Ancora più netta l’affermazione di un principale della
Florida, secondo cui “le donne vengono qui soltanto
perché sono casalinghe alla ricerca di una paghetta e
non per lavorare seriamente”.
Il
contrattacco di Wal Mart non si ferma qui. Per tentare
di porre rimedio alle insanabili difficoltà che
dovrebbe affrontare se fosse condannato a risarcire un
milione e seicento mila persone, la catena ha lanciato
una serie di spot televisivi in cui chiede l’appoggio
dell’opinione pubblica.
Intanto, gli innumerevoli scandali in cui Wal Mart è
stato coinvolto hanno portato alla nascita di un
osservatorio, il Wal Mart Watch, per monitorarne i
comportamenti.

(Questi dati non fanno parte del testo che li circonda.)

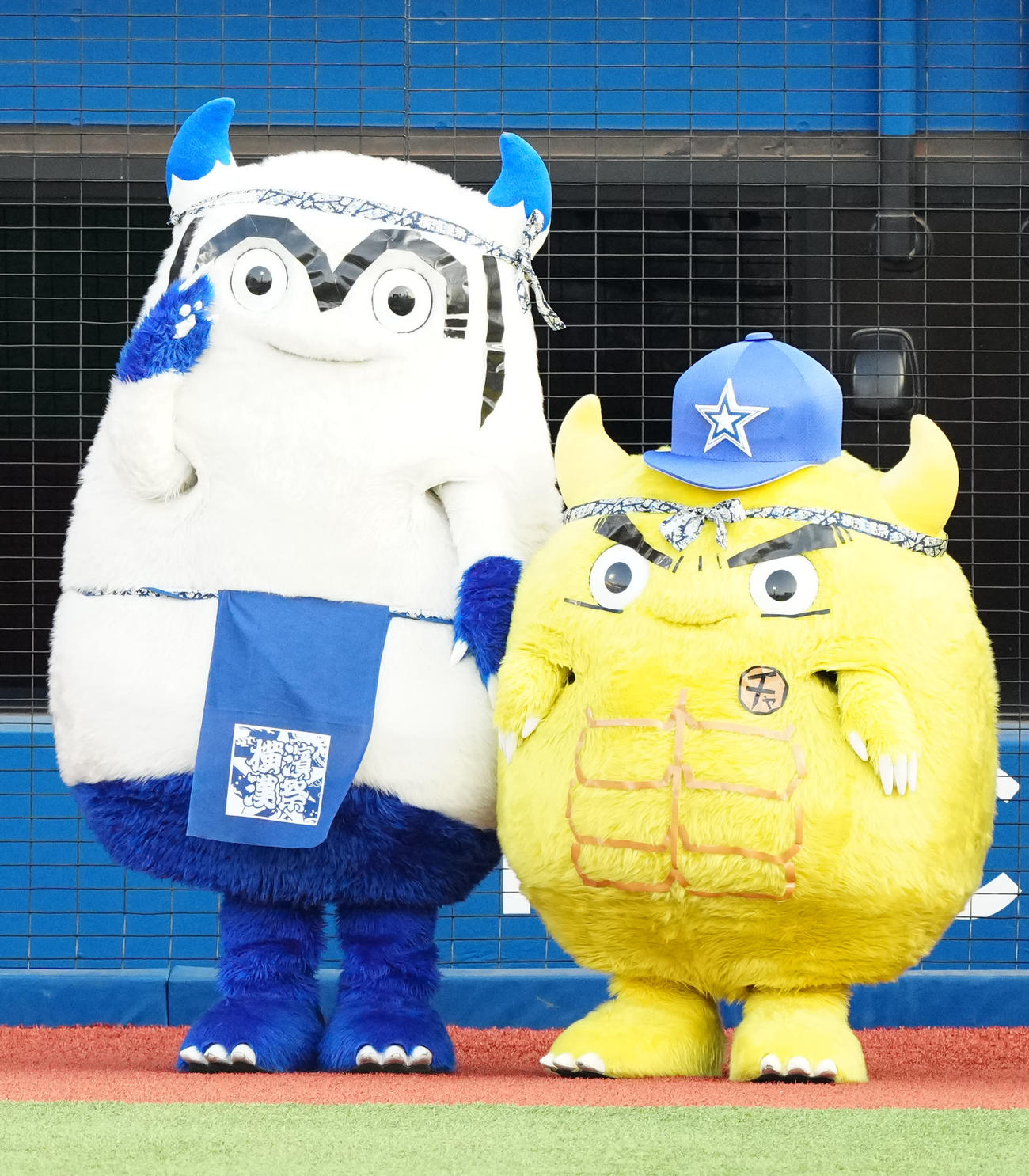 DeNA対阪神　試合前、「横濱漢祭」仕様で登場したバート（左）とチャピー（撮影・江口和貴）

Secondo le indagini condotte
dall’organizzazione, le donne guadagnano 37 centesimi
di dollaro l’ora in meno dei loro colleghi e le
manager cinque mila euro l’anno in meno.
L’interesse dell’Osservatorio ha, inoltre, permesso di
evidenziare che le discriminazioni riguardano non solo
l’universo femminile ma anche le minoranze.
Solo
una percentuale compresa tra il due e il tre per cento
dei camionisti che lavorano per i punti vendita sono
afro - americani, contro una media nazionale del 15
per cento.
Wal
Mart, roccaforte del consumismo e luogo di
perpetrazione di pregiudizi e discriminazioni, rischia
di vedere coinvolte le enormi cifre a cui è abituato
in termini di vendite e guadagni, in un risarcimento
tale da rappresentare un vero e proprio monumento
contro le discriminazioni e per le pari opportunità.